Feeling Nostalgic? Why We Form Emotional Ties to Our Stuff
You’ve probably got something you wouldn’t part with for a million bucks.
Maybe it’s a T-shirt from a 1985 Iron Maiden concert, an Eiffel Tower keychain you bought in Paris or the class ring that reminds you of your first kiss. But why do you feel so attached to an object?
It could be because nostalgia, a strong wistful feeling about times past, tends to be triggered by the five senses, according to Heidi Moawad, MD, writing in the neuroscience journal Neurology Times.
Nostalgia might be sparked by a sound or smell but can also can be summoned by touching or looking at a special object.

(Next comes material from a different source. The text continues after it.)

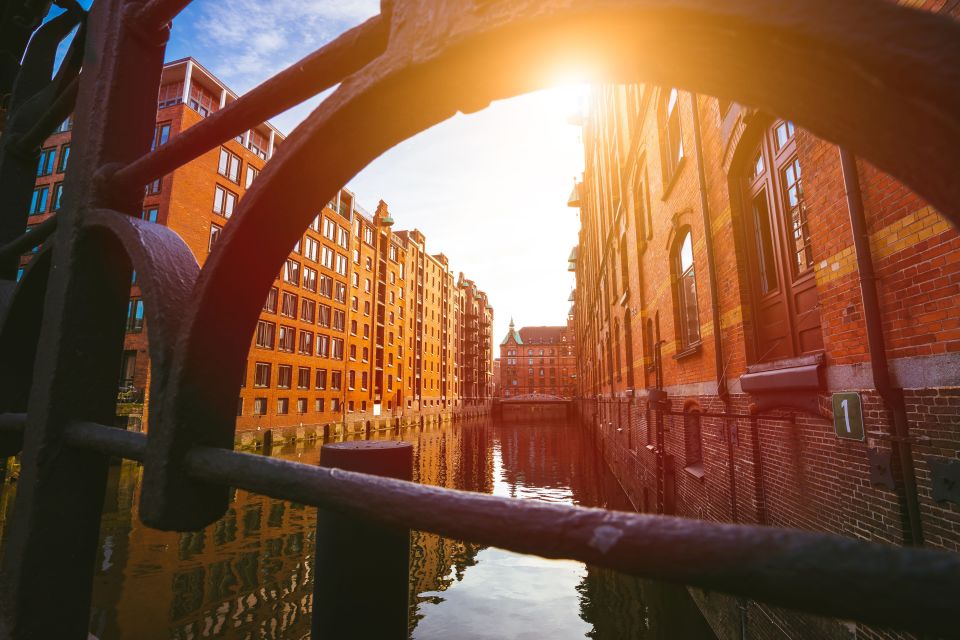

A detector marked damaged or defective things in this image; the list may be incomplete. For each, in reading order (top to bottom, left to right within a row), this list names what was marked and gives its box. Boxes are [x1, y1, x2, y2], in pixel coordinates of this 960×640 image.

Nostalgia Affects the Brain in Specific Ways
“Nostalgic experiences stimulate metabolic activity and blood flow in several regions of the brain,” Moawad writes.

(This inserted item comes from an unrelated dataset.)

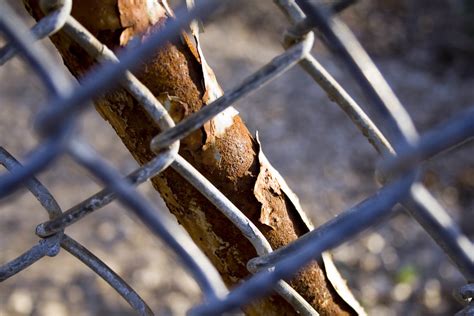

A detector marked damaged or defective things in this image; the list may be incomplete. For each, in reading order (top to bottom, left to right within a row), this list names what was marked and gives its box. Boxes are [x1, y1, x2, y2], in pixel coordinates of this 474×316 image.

rust layer [23, 1, 356, 314]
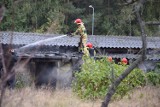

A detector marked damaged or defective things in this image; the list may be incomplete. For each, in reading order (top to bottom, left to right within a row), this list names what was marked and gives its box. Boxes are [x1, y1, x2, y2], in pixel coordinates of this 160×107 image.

damaged roof [0, 31, 160, 48]
burnt structure [0, 31, 160, 88]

The experience also affects reward centers in the brain, bringing a wave of pleasant feelings.
“People like to save mementos of special times,” said Steven Rosenberg, a psychotherapist and behavioral specialist in Elkins Park, PA. “Everyone wants to hold onto something.”
Those items we hold onto often hold a special place in our hearts — and homes. For example, New York City resident and comedian Jim Dailakis considers himself a minimalist. But he has kept an exercise contraption known as The Bullworker, which he received for Christmas as a kid in 1977, through many years and an international move.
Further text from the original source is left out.